## Task directions
Please return each entry that follows exactly as written, and keep the pictures out.

START Material provided

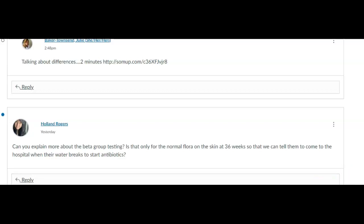Okay, so let's talk about group beta strep testing. We usually do it when they're about 36 weeks pregnant. It is a normal flora on 40 percent of all people's skin, so what we do is we test them. We do the big swab, send it off, look at the culture at 36 weeks.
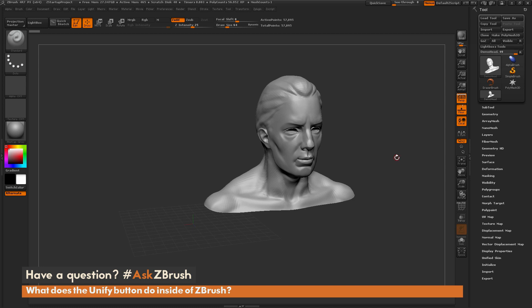This is Joseph Drust, and welcome back to another episode of Ask ZBrush. We had a question sent in on what does the Unify button do inside of ZBrush?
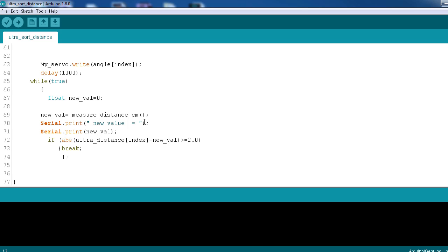And if it is not shifted, here I have used absolute ultrasonic_distance minus new_value to calculate the absolute error. If the error is above 2 centimeters, then only it will scan throughout 180 degrees, else it will keep on pointing towards the object. So this is all. Thank you.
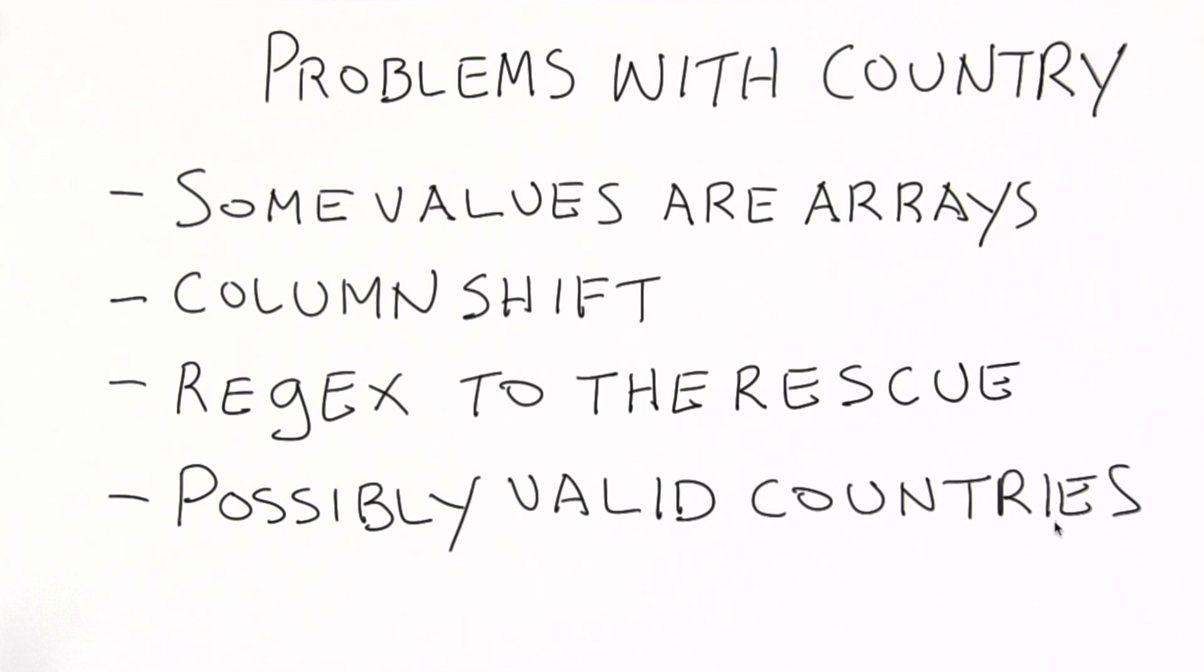This provides us with a nice concrete example of how we might go about auditing accuracy for a particular field.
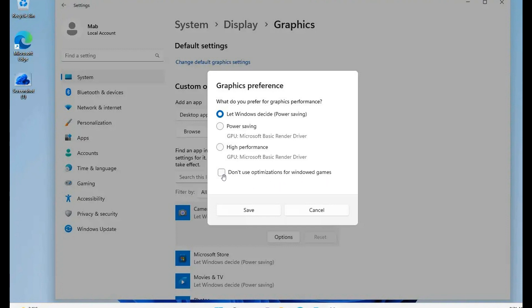For that particular app or game, you can just check that box don't use optimizations for windowed games, and that will disable that feature for those windowed games. Otherwise if you don't check that box, those optimizations for windowed games would apply.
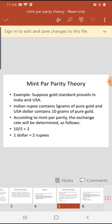1 unit of foreign currency kitni units of swadeshi currency ke barabar hai, yeh jaanne ke liye formula mein pehle videshi mudra ki ek ikaai mein jitna gold aata hai use upar rakhke divide karna padega ki swadeshi mudra ki ek ikaai mein kitna gold aata hai. Is formula se hum videshi vinimay dar gyaat kar sakte hain.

END Material provided

## Worked solution
Okay, so let's talk about group beta strep testing. We usually do it when they're about 36 weeks pregnant. It is a normal flora on 40 percent of all people's skin, so what we do is we test them. We do the big swab, send it off, look at the culture at 36 weeks.
This is Joseph Drust, and welcome back to another episode of Ask ZBrush. We had a question sent in on what does the Unify button do inside of ZBrush?
And if it is not shifted, here I have used absolute ultrasonic_distance minus new_value to calculate the absolute error. If the error is above 2 centimeters, then only it will scan throughout 180 degrees, else it will keep on pointing towards the object. So this is all. Thank you.
This provides us with a nice concrete example of how we might go about auditing accuracy for a particular field.
For that particular app or game, you can just check that box don't use optimizations for windowed games, and that will disable that feature for those windowed games. Otherwise if you don't check that box, those optimizations for windowed games would apply.
1 unit of foreign currency kitni units of swadeshi currency ke barabar hai, yeh jaanne ke liye formula mein pehle videshi mudra ki ek ikaai mein jitna gold aata hai use upar rakhke divide karna padega ki swadeshi mudra ki ek ikaai mein kitna gold aata hai. Is formula se hum videshi vinimay dar gyaat kar sakte hain.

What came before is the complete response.